Task data:
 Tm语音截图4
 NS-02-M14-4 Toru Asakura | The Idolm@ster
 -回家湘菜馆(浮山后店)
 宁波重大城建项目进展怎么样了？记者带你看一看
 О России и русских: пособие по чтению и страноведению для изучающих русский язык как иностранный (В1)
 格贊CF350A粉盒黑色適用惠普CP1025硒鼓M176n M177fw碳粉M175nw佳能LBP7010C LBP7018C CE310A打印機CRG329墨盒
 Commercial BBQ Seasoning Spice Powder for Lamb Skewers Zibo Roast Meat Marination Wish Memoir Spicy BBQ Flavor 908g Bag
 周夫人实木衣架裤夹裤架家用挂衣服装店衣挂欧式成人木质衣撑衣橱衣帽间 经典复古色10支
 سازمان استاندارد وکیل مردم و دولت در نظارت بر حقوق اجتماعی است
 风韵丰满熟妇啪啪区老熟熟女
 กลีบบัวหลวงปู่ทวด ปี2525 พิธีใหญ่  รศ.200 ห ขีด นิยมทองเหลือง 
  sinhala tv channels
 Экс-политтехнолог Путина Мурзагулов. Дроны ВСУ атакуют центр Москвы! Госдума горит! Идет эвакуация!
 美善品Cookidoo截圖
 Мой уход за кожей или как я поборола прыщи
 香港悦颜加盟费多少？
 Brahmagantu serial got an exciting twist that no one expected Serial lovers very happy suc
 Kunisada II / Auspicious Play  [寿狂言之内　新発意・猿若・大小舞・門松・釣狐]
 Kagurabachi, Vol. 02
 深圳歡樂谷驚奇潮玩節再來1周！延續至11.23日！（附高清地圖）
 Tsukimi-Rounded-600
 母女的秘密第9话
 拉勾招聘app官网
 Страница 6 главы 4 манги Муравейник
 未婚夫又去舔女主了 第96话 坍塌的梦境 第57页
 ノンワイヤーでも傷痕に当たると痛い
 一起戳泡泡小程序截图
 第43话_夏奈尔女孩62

What the exercise asks: Copy the records above faithfully. Begin at their first line, end at the line containing "sinhala tv channels", and include nothing else.

Output:
 Tm语音截图4
 NS-02-M14-4 Toru Asakura | The Idolm@ster
 -回家湘菜馆(浮山后店)
 宁波重大城建项目进展怎么样了？记者带你看一看
 О России и русских: пособие по чтению и страноведению для изучающих русский язык как иностранный (В1)
 格贊CF350A粉盒黑色適用惠普CP1025硒鼓M176n M177fw碳粉M175nw佳能LBP7010C LBP7018C CE310A打印機CRG329墨盒
 Commercial BBQ Seasoning Spice Powder for Lamb Skewers Zibo Roast Meat Marination Wish Memoir Spicy BBQ Flavor 908g Bag
 周夫人实木衣架裤夹裤架家用挂衣服装店衣挂欧式成人木质衣撑衣橱衣帽间 经典复古色10支
 سازمان استاندارد وکیل مردم و دولت در نظارت بر حقوق اجتماعی است
 风韵丰满熟妇啪啪区老熟熟女
 กลีบบัวหลวงปู่ทวด ปี2525 พิธีใหญ่  รศ.200 ห ขีด นิยมทองเหลือง 
  sinhala tv channels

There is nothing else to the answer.